Nonetheless, this claim cannot succeed because Plaintiff does not plead the necessary second element of a disparate-impact claim: that Defendants' policies “are motivated by a racially discriminatory purpose.” Id.; see also Roberts, 741 F.3d at 160 (“[A]bsent an overtly discriminatory classification, ‘proof of racially discriminatory intent or purpose is required to show a violation of the Equal Protection Clause.'” (quoting Vill. of Arlington Heights v. Metro. Hous. Dev. Corp., 429 U.S. 252, 265 (1977))). Plaintiff does not allege that Defendants were even aware of their policies' allegedly disparate impact, much less that they took the actions of which she complains because of racial animus.

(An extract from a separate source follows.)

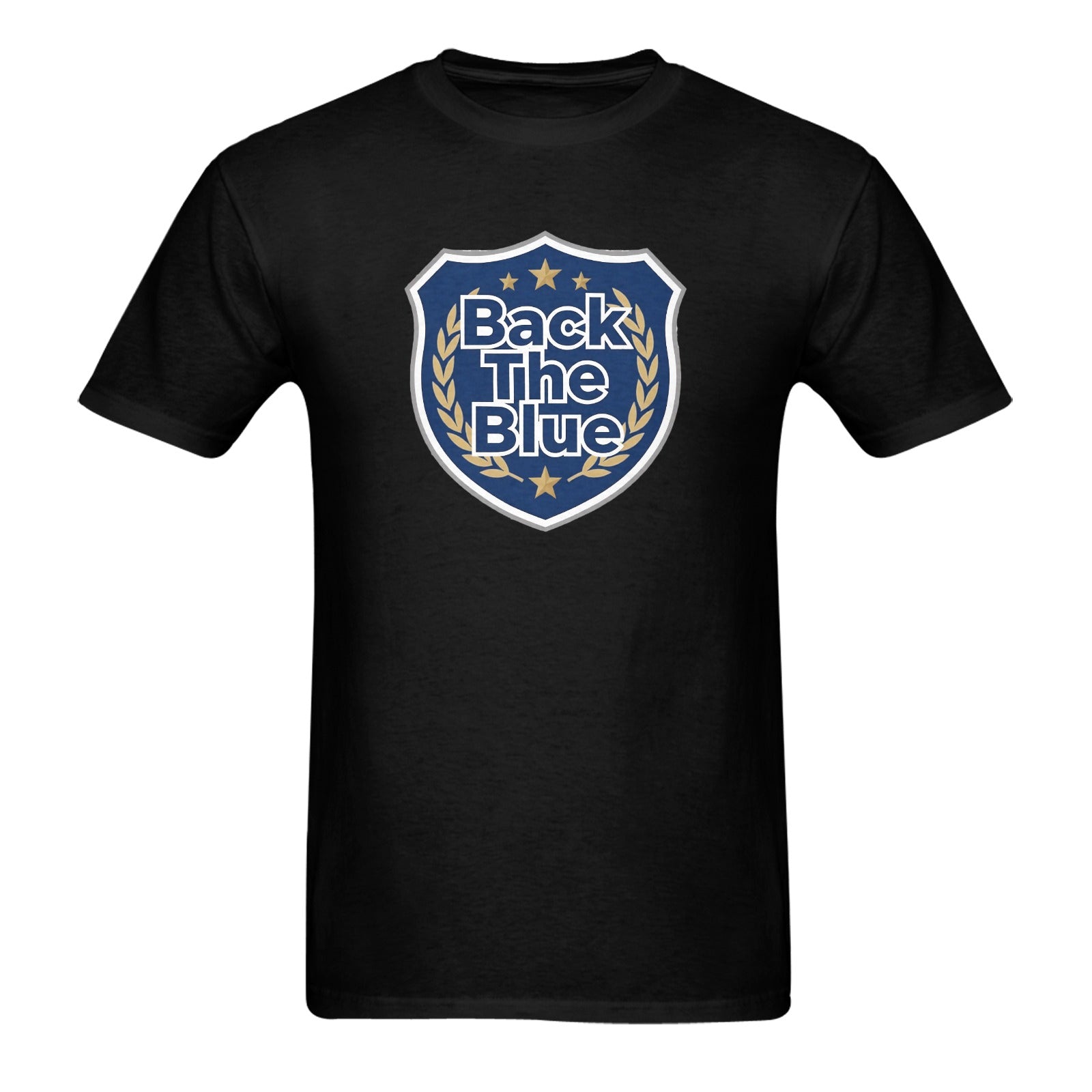 Back The Blue T-Shirt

See Pers. Adm'r of Massachusetts v. Feeney, 442 U.S. 256, 258 (1979) (“‘[D]iscriminatory purpose' implies more than intent as volition or intent as awareness of consequences; it implies that the decision maker selected or reaffirmed a particular course of action at least in part ‘because of,' not merely ‘in spite of,' its adverse effects upon an identifiable group.”). Nor does she allege any irregularities that could give rise to an inference of discriminatory purpose, such as “‘a clear pattern' of discrimination, ‘unexplainable on grounds other than race,'” Smith v. Henderson, 54 F.Supp.3d 58, 70 (D.D.C. 2014) (quoting Arlington Heights, 429 U.S. at 266), or “departures from normal procedures” or “factors normally considered in reaching a decision,” Bellinger, 288 F.Supp.3d at 80 (citing Arlington Heights, 429 U.S. at 266-68). No matter how liberally construed, Plaintiffs allegations fail to state an Equal Protection claim.
IV. CONCLUSION
For these reasons, the court will GRANT Defendants' Motion to Dismiss, ECF No. 6. A corresponding Order will accompany this Memorandum Opinion.